1. What exactly does "a distribution over the random variable $B$" mean? Does this distribution mean some mapping of values that r.v. can take to probability values? I usually think about distribution in terms of PDF or CDF. I think $p(r)$ is the density (or PMF in discrete r.v. case).
2. How can we condition on a random variable $X$? My understanding is that we can only condition on events. Does $p(Y |X)$ mean conditional distribution of $Y$ given $X$ taking some value which is not specified?

Answer 1

1. What exactly does "a distribution over the random variable $B$" mean? Does this distribution mean some mapping of values that r.v. can take to probability values?
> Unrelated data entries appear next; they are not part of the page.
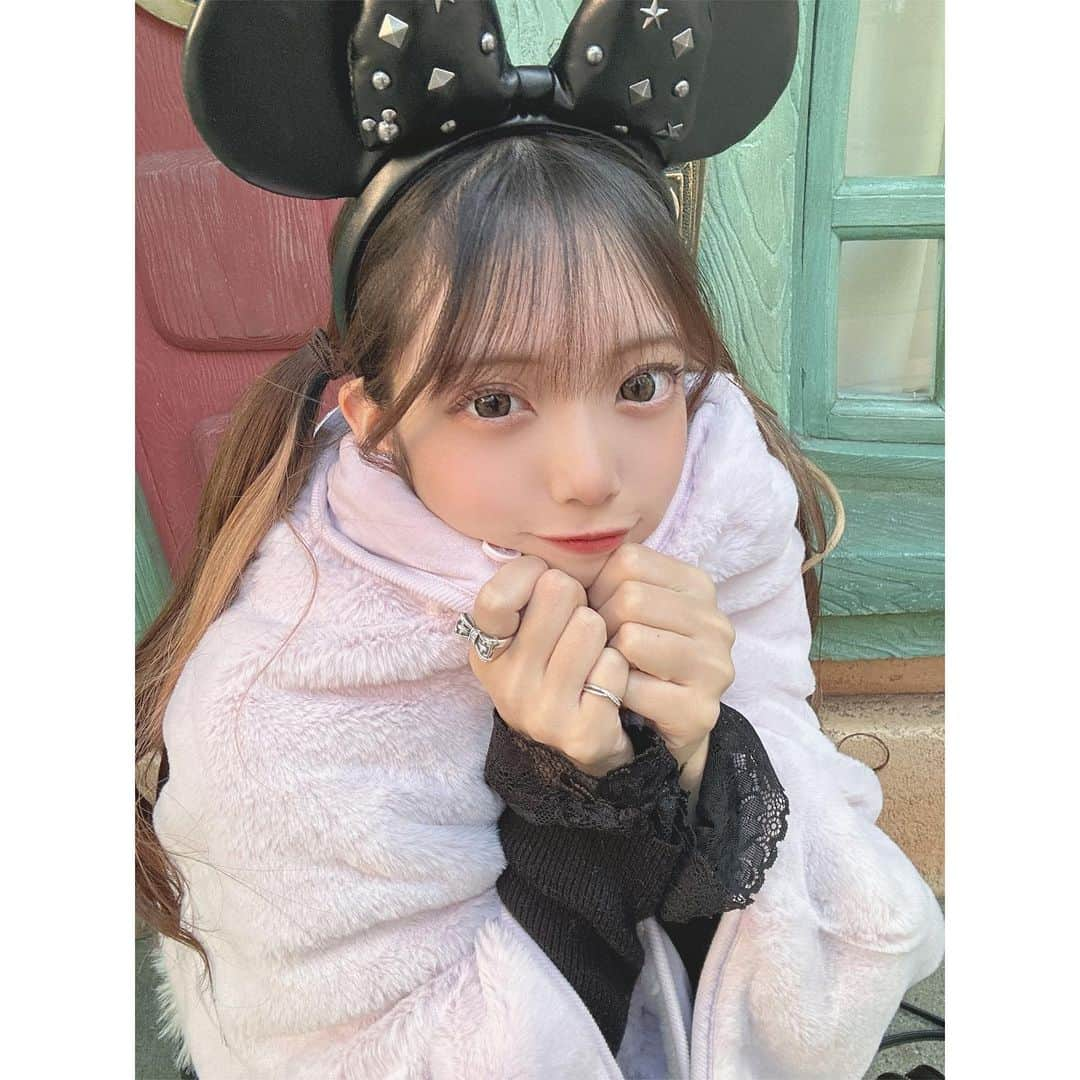 みーみさんのインスタグラム写真 - (みーみInstagram)「らんど！！！🐭🖤  寒すぎてあったかいの買っちゃったよ~( ˶ ᷇ 𖥦 ᷆ ˵ ) #disney #ランド」11月19日 16時29分 - mi__mi0311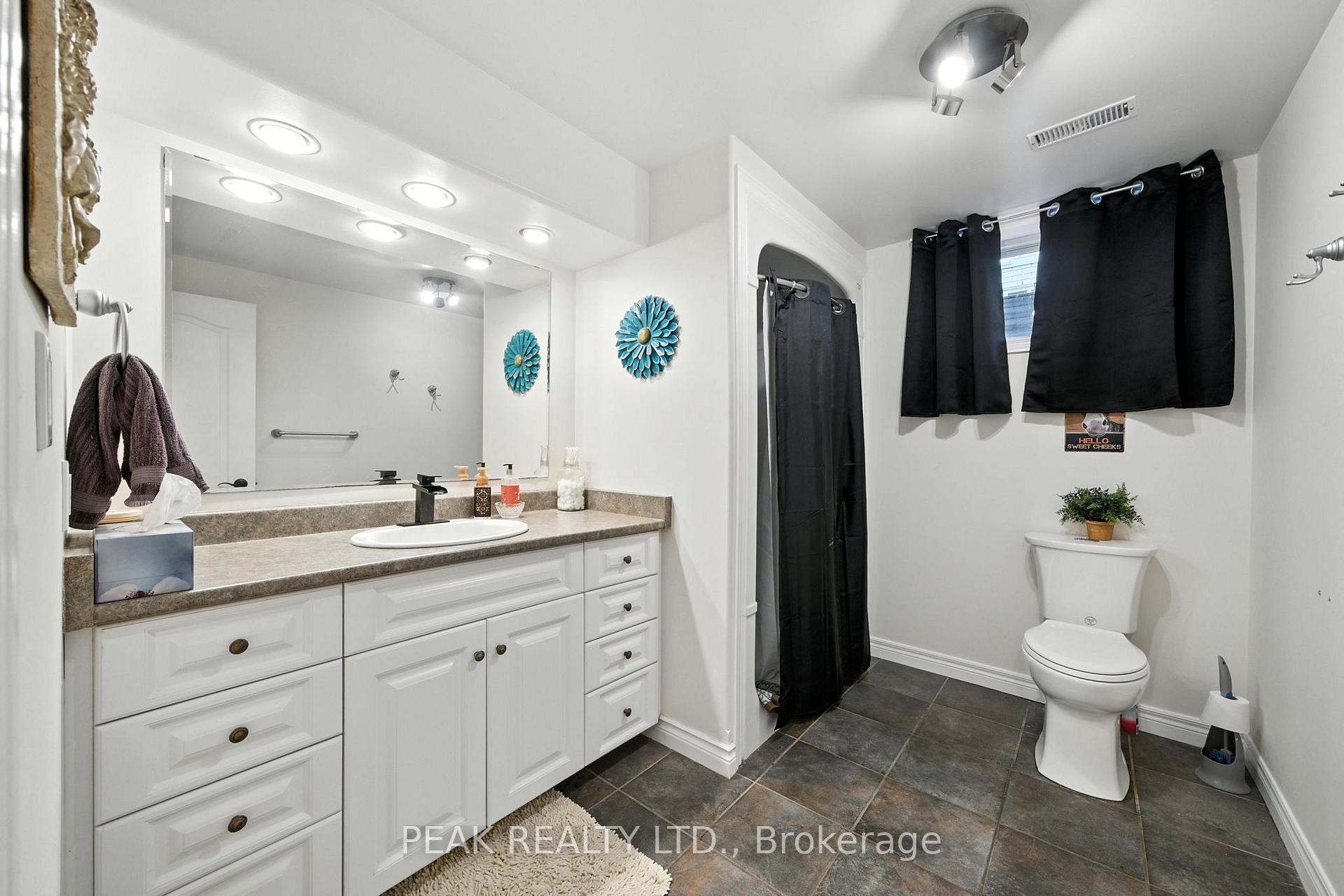 Photo 40 of 28 Macpherson Drive, Brant, Paris — HOMEH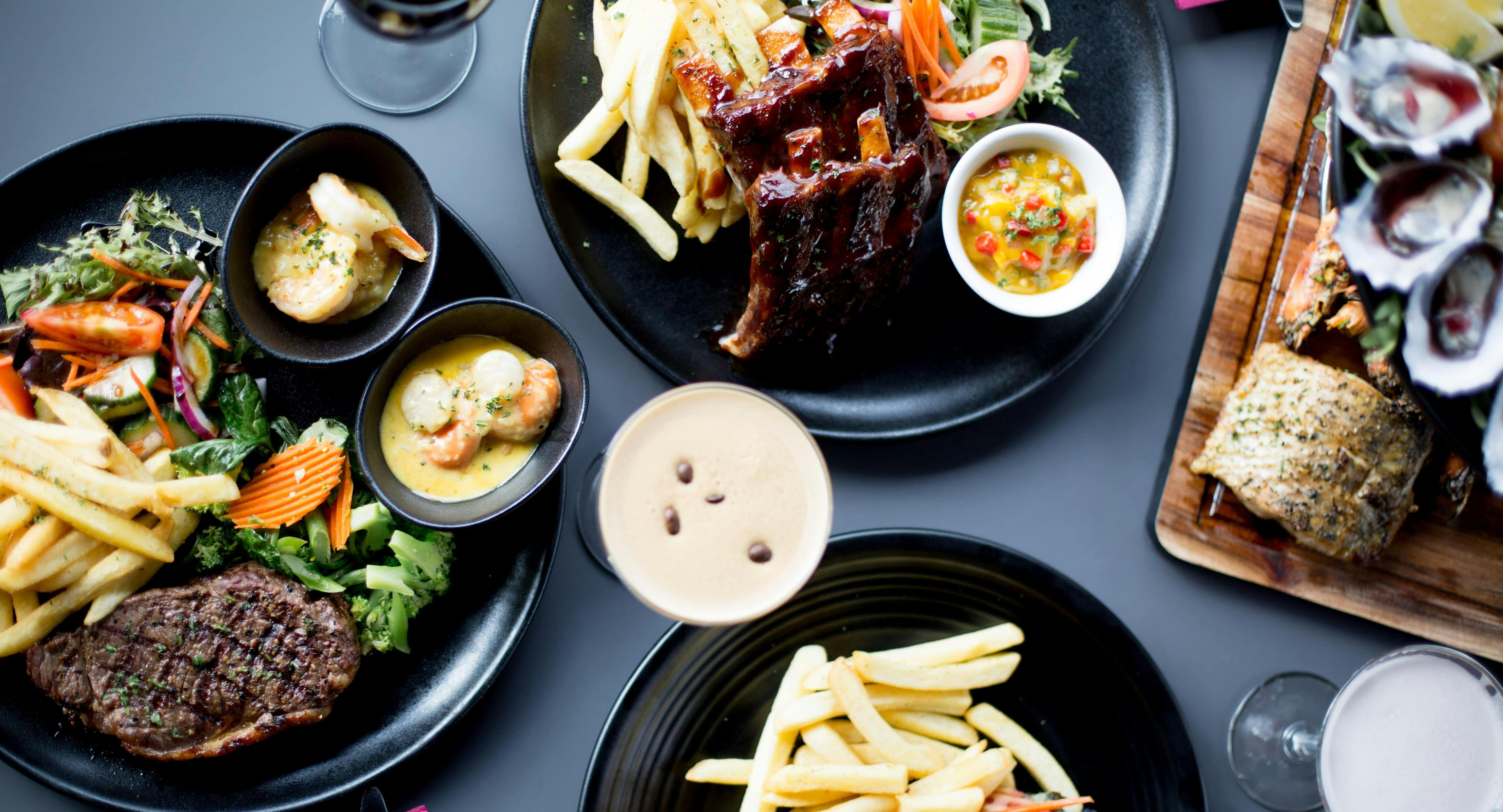 Restaurant Greyhounds Entertainment in Springvale, Melbourne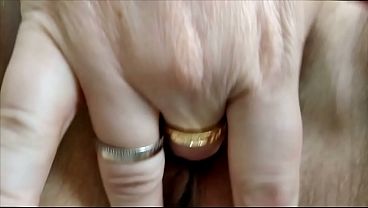Tontonan Memek Dan Lubang Pantat Paling Vulgar Dari Pelacur Kamera Tua Rusia Yang Bikin Muncrat!.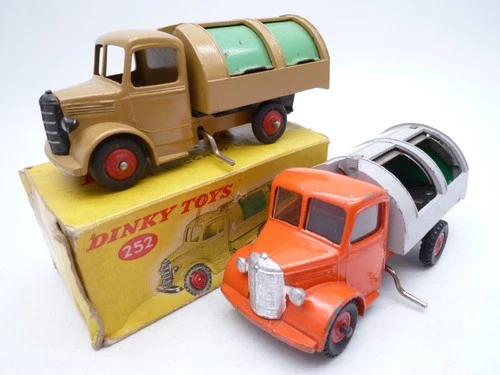 VINTAGE DINKY TOYS 252 BEDFORD REFUSE TRUCK PAIR & WORN ORIGINAL BOX 1954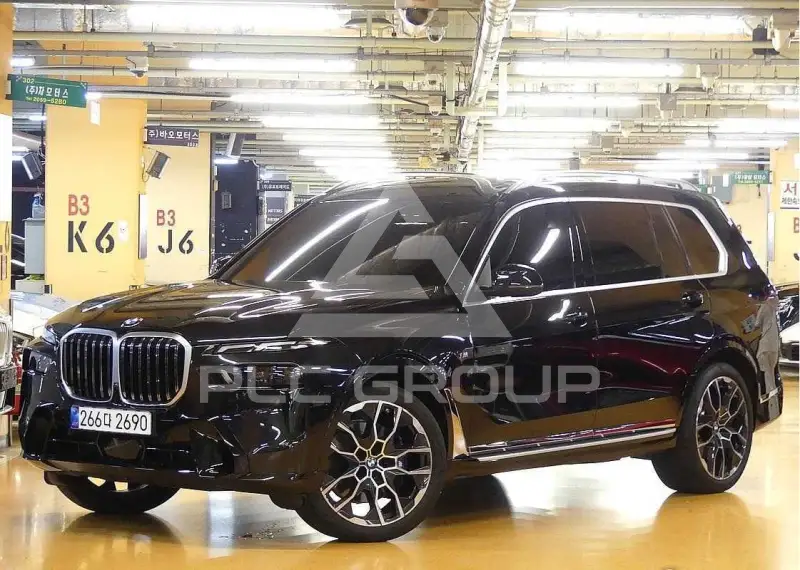 2025 BMW X7M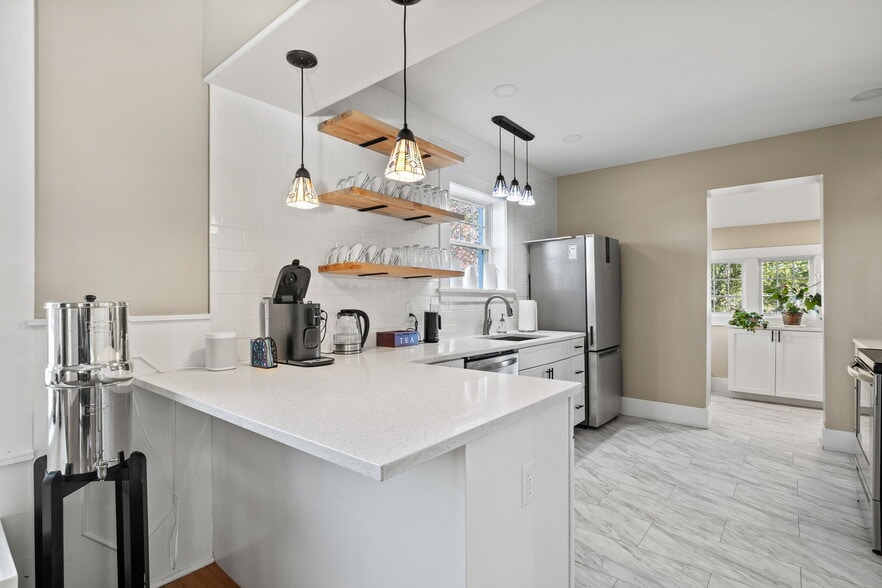 More Photos Of 2049 S Brentwood Blvd, Springfield Office For Sale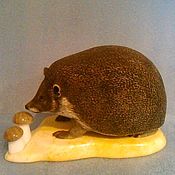 Для дома и интерьера handmade. Livemaster - original item Sculpture of a Hedgehog made of natural Ural ornamental stones Calcite. Handmade.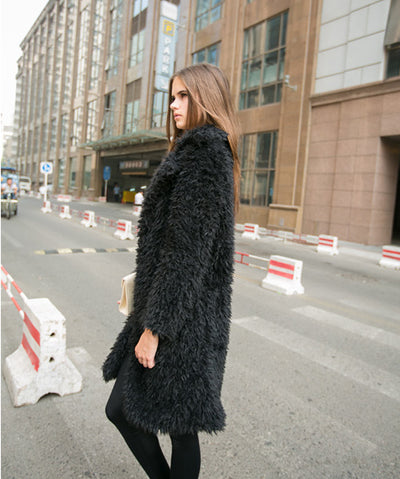 Abrigo Largo de Lana de Cordero para Mujer Otoño Invierno con Detalles de Piel Sintética - Image 4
I usually think about distribution in terms of PDF or CDF. I think $p(r)$ is the density (or PMF in discrete r.v. case).

$p(B)$ represent the probability mass functions of random variable $B$ at arbitrary values.   It is a terribly lazy (but unfortunately common) shorthand used when authors are more interested in showing the dependencies between random variables rather than any particular evaluations.

$p(r)$ demonstrates why this is a horribly confusing idea, as the "probability mass function of value $r$", is meaningless unless it is implicitly clear what is the random variable being discussed.

More properly we should write something like $p_{\small B}(r)$ to indicate the probability mass function of random variable $B$ evaluated at $r$.   In this case that is $\mathsf P(B=r)$; the probability for the event of the box being red.

2. How can we condition on a random variable $X$? My understanding is that we can only condition on events.   Does $p(Y |X)$ mean conditional distribution of $Y$ given $X$ taking some value which is not specified?

Again, the this appears to be an abbreviation for $p_{\lower{0.5ex}{\small Y\mid X}}(y\mid x)$, or $\mathsf P(Y=y\mid X=x)$, where $x,y$ are arbitrary arguments.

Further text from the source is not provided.